Charlotte Tilbury Magic Eye Rescue Cream
This Charlotte Tilbury super-emollient eye cream has a base of coconut oil and shea butter (read: it’s incredibly hydrating). Botanicals plus peptides are meant to help reduce dark circles and boost collagen, respectively.
This creamy moisturizer serves up potent collagen-boosting peptides and pycnogenol, and antioxidant-rich vitamin C. “Instead of sitting on top of the skin, peptides penetrate the outer layer so they go deep. The ‘signals’ they send tell the cells to produce elastin and collagen, which are needed for youthful-looking skin,” explains Somenek.
At-Home Peel Pads
Remember that skin cell turnover fiasco we talked about earlier? One way to help support it is by exfoliating. “Exfoliation is important to help keep skin fresh and luminous,” Kunin says. She recommends using at-home peel pads as an easy and effective way to exfoliate.
“The goal in your 20s is to fight the slowing pace of cell turnover. It is wise to use products that gently exfoliate, yet still remove oil and other impurities. Products that have Alpha Hydroxy Acids (AHA) or Beta Hydroxy Acids (BHA) are a good choice.”
According to Somenek, you should only exfoliate two to three times a week. “People of all ages are guilty of over-exfoliating and that can be too much of a good thing,” he says.
Dermadoctor Kakadu C Intensive Vitamin C Peel Pad
A few swipes of this Derma Doctor powerful peel pad promise to leave your skin glowing and smooth, thanks to the seven (yes, seven) types of chemical exfoliants, including AHA and BHA. It also contains vitamin C via Kakadu plum extract for added brightening and antioxidant protection.

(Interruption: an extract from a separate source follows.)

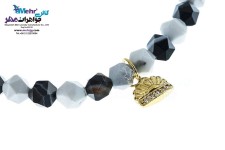 دستبند طلا و سنگ - طرح تاج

KEY INGREDIENTS Kakadu plum extract is sourced from the Kakadu plum, a fruit grown in northern Australia. It contains vitamin C, which restores the skin’s natural barrier, increases collagen production, and soothes irritation.
Dr. Dennis Gross Skincare Alpha Beta® Universal Daily Peel Pads
These are the gold standard of peel pads, with a cult following and over 900 five-star reviews on Sephora. They’re easy to use and contain a blend of anti-aging exfoliating acids.
Emollient Night Cream
“In your 20s, you need to start upping the hydration in your skincare routine. You may have been cautious of over-moisturizing because of acne in your teens, but as you enter your 20s, your skin transitions and becomes drier,” Ross says. “I recommend an emollient night cream added into your evening skincare regimen.”
“Twenty-somethings need to make sure that they are not using creams that will clog their pores and cause excess oil production,” says Somenek. Opt for non-comedogenic products.
Cerave Skin Renewing Night Cream
One great choice is the CeraVe Skin Renewing Night Cream, which is a non-comedogenic night cream that leaves skin soft and glowy. It combines the moisturizing powers of ceramides and hyaluronic acid.
RoC Retinol Correxion Max Hydration Creme
“The best night cream ingredients contain retinol, benzoyl peroxide, and/or salicylic acid or hyaluronic acid. The goal is to moisturize, yet remove excess oil,” says Somenek. This Roc Retinol Correxion cream fits the bill as it contains both hyaluronic acid and retinol so it promises to moisturize while also being non-comedogenic.